Q (or chi-squared): 45.37 
p-value: 7.718796379764298e-10


The analysis shows, that $p \le \alpha$. Therefore the null hypothesis does not hold and we can conduct that we have a significant statistical difference in the accuracy of the applied classifier models.

To see, which model performs 'the best', we, again, check with `McNemar` pairwise.

In [41]:
# prepare list of values
value_list = list()
value_list.append(df_approach_3[col_names_3[1]])
value_list.append(df_approach_3[col_names_3[2]])
value_list.append(df_approach_3[col_names_3[3]])
value_list.append(df_approach_3[col_names_3[4]])

In [42]:
# mcnemar
labels = get_label_combinations(df_approach_3)
values = get_value_combinations(value_list)

for i in range(len(labels)):
    mcnemar_test(df_approach_3, values[i], labels[i])

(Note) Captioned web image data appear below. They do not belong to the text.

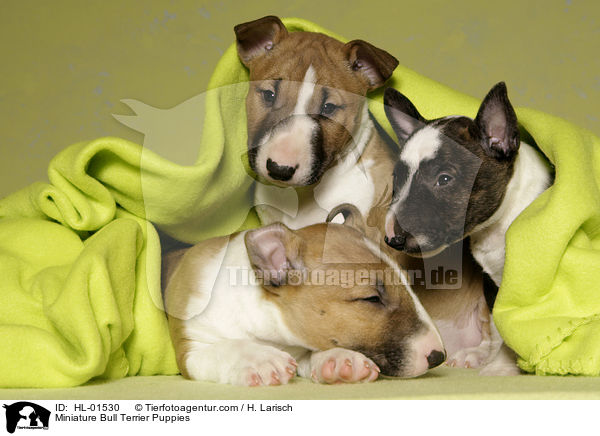 Miniature Bull Terrier Puppies / HL-01530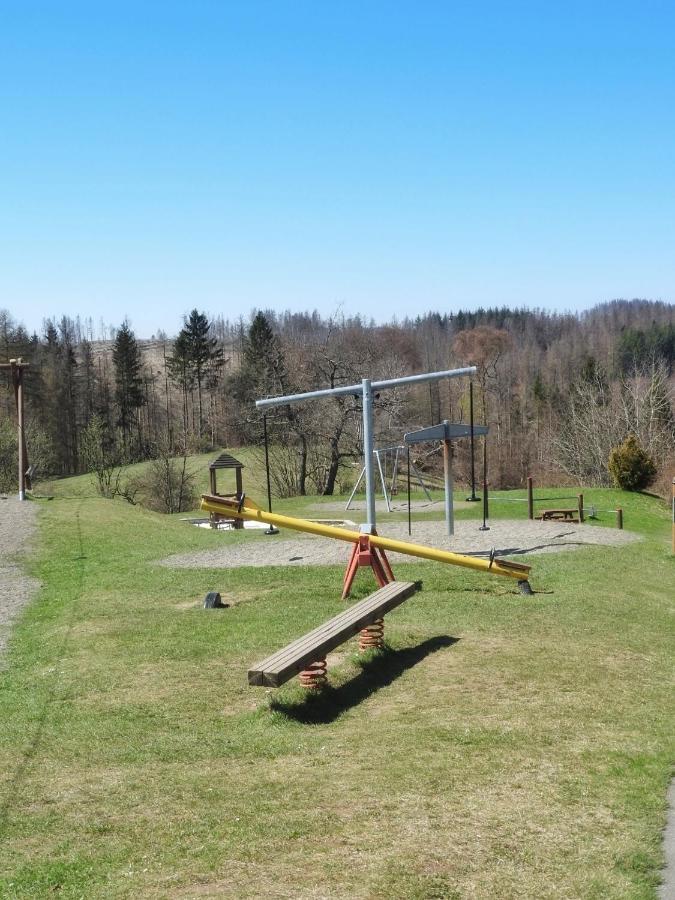 Appartement Zur Bergoase Mi Schwimmbad Hohegeiß Extérieur photo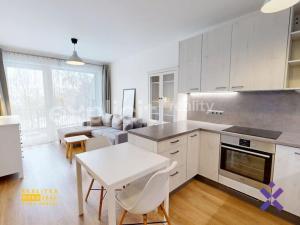 Pronájem bytu 2+kk, Brno, Fillova, 46 m2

Comparison of svm_linear and svm_poly

Confusion matrix:
[[176   0]
 [  0 134]]

chi-squared: inf 
p-value: 0.0
----------
Comparison of svm_linear and logistic_regression

Confusion matrix:
[[176   0]
 [  0 134]]

chi-squared: inf 
p-value: 0.0
----------
Comparison of svm_linear and k_nearest_neighbour

Confusion matrix:
[[118  58]
 [ 23 111]]

chi-squared: 14.27 
p-value: 0.00015823397209216498
----------
Comparison of svm_poly and logistic_regression

Confusion matrix:
[[176   0]
 [  0 134]]

chi-squared: inf 
p-value: 0.0
----------
Comparison of svm_poly and k_nearest_neighbour

Confusion matrix:
[[118  58]
 [ 23 111]]

chi-squared: 14.27 
p-value: 0.00015823397209216498
----------
Comparison of logistic_regression and k_nearest_neighbour

Confusion matrix:
[[118  58]
 [ 23 111]]

chi-squared: 14.27 
p-value: 0.00015823397209216498
----------


  chi2 = (abs(ary[0, 1] - ary[1, 0]) - 1.0) ** 2 / float(n)

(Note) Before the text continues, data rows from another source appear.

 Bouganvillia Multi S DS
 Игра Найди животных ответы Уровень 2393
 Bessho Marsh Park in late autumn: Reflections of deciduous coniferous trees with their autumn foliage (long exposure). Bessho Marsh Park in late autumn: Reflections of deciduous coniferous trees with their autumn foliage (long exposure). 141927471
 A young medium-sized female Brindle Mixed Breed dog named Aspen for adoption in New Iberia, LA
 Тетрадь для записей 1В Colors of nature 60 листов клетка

**SVC linear vs. SVC polynomial**

Here, we have $p = 0$ because both classifier have the exact same performance.

**SVC linear vs. Logistic regression**

Here, we have $p = 0$ because both classifier have the exact same performance.

**SVC linear vs. K nearest neighbour**

$p \le \alpha$ which indicates, that the null hypothesis is not true and there is a performance difference. Since, SVC linear correctly predicted more values, than K nearest neighbour where the other model predicted wrongly (58 for SVC and 23 for KNN), we can say, that SVC linear performs 'better'.

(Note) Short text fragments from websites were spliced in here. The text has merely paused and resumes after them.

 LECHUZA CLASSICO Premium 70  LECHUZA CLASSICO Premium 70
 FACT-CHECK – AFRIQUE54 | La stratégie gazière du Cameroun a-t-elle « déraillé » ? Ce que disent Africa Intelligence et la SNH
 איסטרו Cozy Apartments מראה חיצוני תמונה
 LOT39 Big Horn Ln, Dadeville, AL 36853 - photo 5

**SVC polynomial vs. Logistic regression**

Here, we have $p = 0$ because both classifier have the exact same performance.


**SVC polynomial vs. K nearest neighbour**

We already saw, that SVC linear and SVC polynomial have the same performance. Also, looking at the results we furhter noticed, that these are the same as in SVC linear vs. K nearest neighbour.

This conducts, that SVC polynomial has a better performance.

**Logistic regression vs. K nearest neighbour**

Like, the comparison from SVC polynomial vs. K nearest neighbour, we have the same results (same p value and confusion matrix). Meaning, that Logistic regression is 'better' than K nearest neighbour. This is further supported with SVC polynomial and Logist regression having the exact same performance.

**Result**

We have multiple models performing equally well, except for K nearest neighbour ($SvcLinear = SvcPolynomial = LogisticRegression > KNN$). Because SvcLinear has better results, K nearest neighbour has the worst performance.